La mat­tina del 2 in piazza della Rivo­lu­zione ci sono 10 mila per­sone che chie­dono un passo indie­tro ai mili­tari. Si diri­gono verso la tv nazio­nale. Con­fu­sione. Il gene­rale in pen­sione Lou­gué, can­di­dato pre­fe­rito della piazza per gui­dare la tran­si­zione, sta per auto­pro­cla­marsi pre­si­dente, ma gli viene impe­dito. Ci prova una lea­der dell’opposizione, ma i mili­tari arri­vano e comin­ciano a spa­rare tra la folla. Spa­rano in aria, ma è il panico totale. I sol­dati occu­pano piazza della Rivo­lu­zione e tutto il cen­tro città. Bilan­cio, un morto e vari feriti.

Nel pome­rig­gio tutte le parti coin­volte, par­titi di oppo­si­zione e mili­tari sono in riu­nione. E in serata si deli­nea una via d’uscita, la costi­tu­zione torna in vigore, si va verso una coa­li­zione rap­pre­sen­ta­tiva che al ter­mine di un breve periodo di tran­si­zione dovrà orga­niz­zare nuove elezioni.

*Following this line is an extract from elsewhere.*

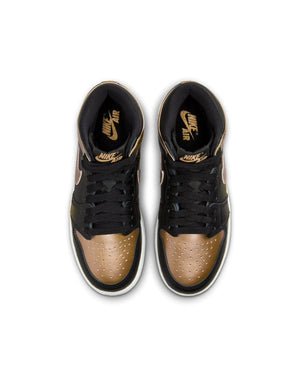 Jordan 1 Retro High OG (GS) - "Black & Gold" - -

La gente è con­tenta, in giro c’è aria di gioia e di leg­ge­rezza. Era il meglio che che que­sta incre­di­bile insur­re­zione poteva otte­nere, dimis­sioni di Blaise e governo civile. Nes­suno poteva pre­ve­derlo. La gente non era orga­niz­zata, impen­sa­bile un epi­logo in stile san­di­ni­sta, in cui si è in grado di pren­dere i media e comu­ni­care i nomi di un nuovo governo rivo­lu­zio­na­rio. La popo­la­zione ha fatto il lavoro duro, poi si è rivolta ai par­titi di oppo­si­zione per essere guidata.

Zaphirin Diabiré con il colonnello Zida

Zephi­rin Dia­bre con il colon­nello Zida

Anche se il lea­der dell’opposizione Zephi­rin Dia­bre dovesse diven­tare pre­si­dente (ha forti chance di vin­cere le ele­zioni) alla gente va bene. È un uomo dell’occidente, è stato rap­pre­sen­tante per l’Africa per la Castel e poi per Areva, che sfrutta il Niger per il suo ura­nio. Ma le per­sone hanno voglia di lavo­rare, com­prarsi da man­giare, curare i pro­pri figli e man­darli a scuola. Va bene anche uno qua­lun­que che lavori un po’ in que­sto senso, che cambi rotta rispetto a Blaise.

In cin­que anni, spe­riamo, una vera oppo­si­zione avrà final­mente il tempo di for­marsi, di orga­niz­zarsi, di risco­prire dav­vero la rivo­lu­zione san­ka­ri­sta e forse non sen­ti­remo più par­lare di tutti que­sti par­ti­telli che ancora per­dono tempo e soldi a orga­niz­zare semi­nari per arri­vare a una defi­ni­zione del san­ka­ri­smo. Il san­ka­ri­smo è prima di tutto un sen­ti­mento e que­sto si sente, c’è voglia di par­te­ci­pare, di esserci. Per ora pos­siamo solo fare i com­pli­menti alla popo­la­zione bur­ki­nabé per la forza e la deter­mi­na­zione dimo­strate in que­sta for­mi­da­bile settimana.